#### [Records provided]
--- START ---
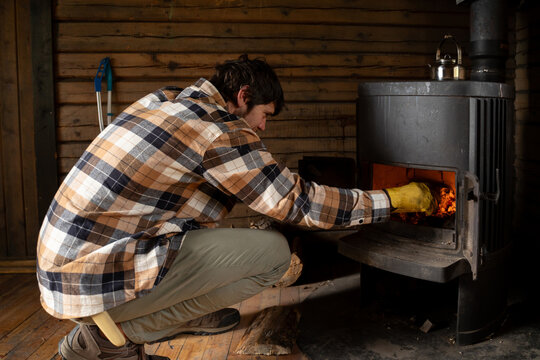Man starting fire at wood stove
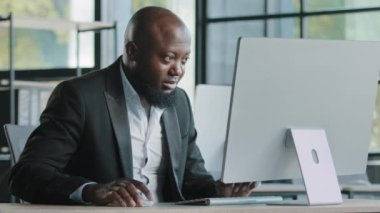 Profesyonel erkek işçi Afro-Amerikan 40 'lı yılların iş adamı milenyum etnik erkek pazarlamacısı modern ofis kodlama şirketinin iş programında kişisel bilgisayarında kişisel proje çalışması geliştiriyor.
--- END ---
--- START ---
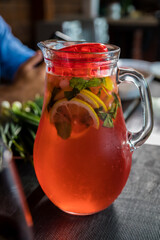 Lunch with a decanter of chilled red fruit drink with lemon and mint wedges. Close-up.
--- END ---
--- START ---
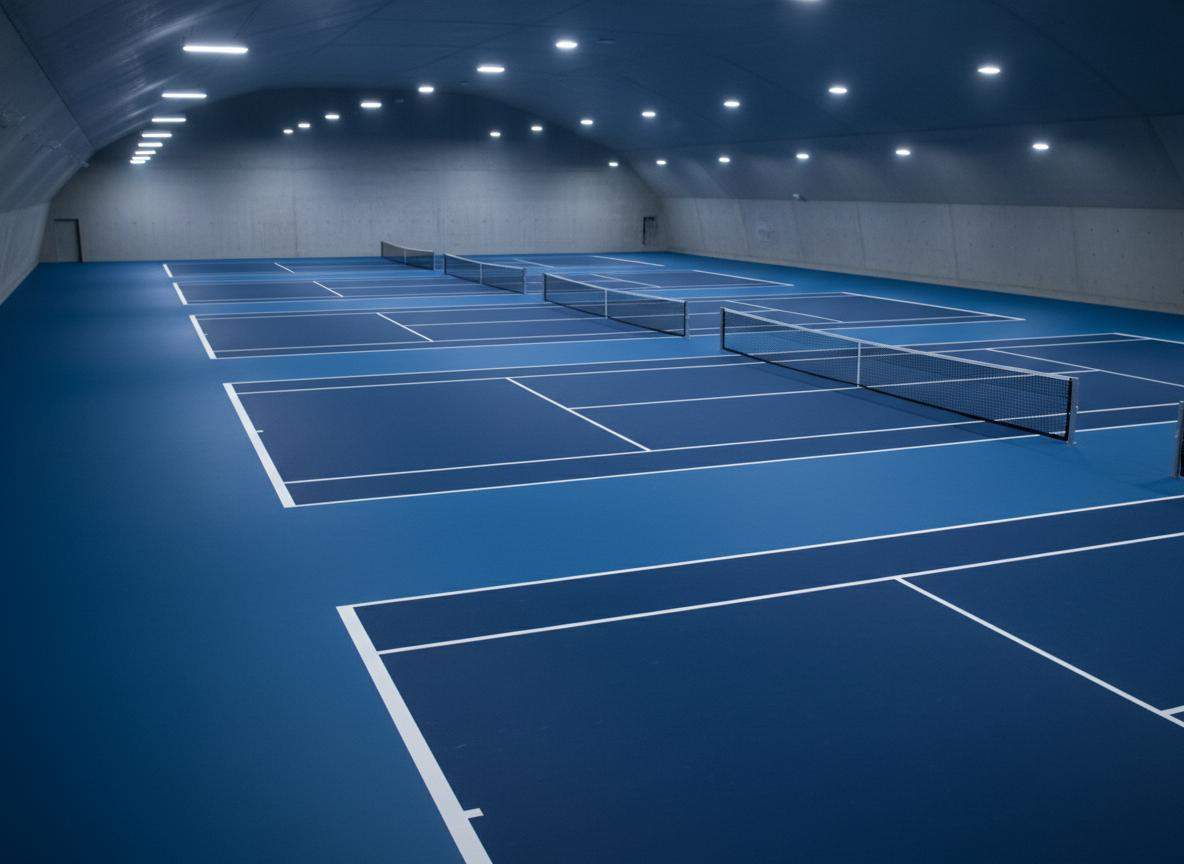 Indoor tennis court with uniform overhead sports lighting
--- END ---
Range to copy from the records above: the line containing "Man starting fire at wood stove" to the line containing "Profesyonel erkek işçi", both included. Output those lines exactly and only those, skipping pictures.

#### [Task output]
Man starting fire at wood stove
 Profesyonel erkek işçi Afro-Amerikan 40 'lı yılların iş adamı milenyum etnik erkek pazarlamacısı modern ofis kodlama şirketinin iş programında kişisel bilgisayarında kişisel proje çalışması geliştiriyor.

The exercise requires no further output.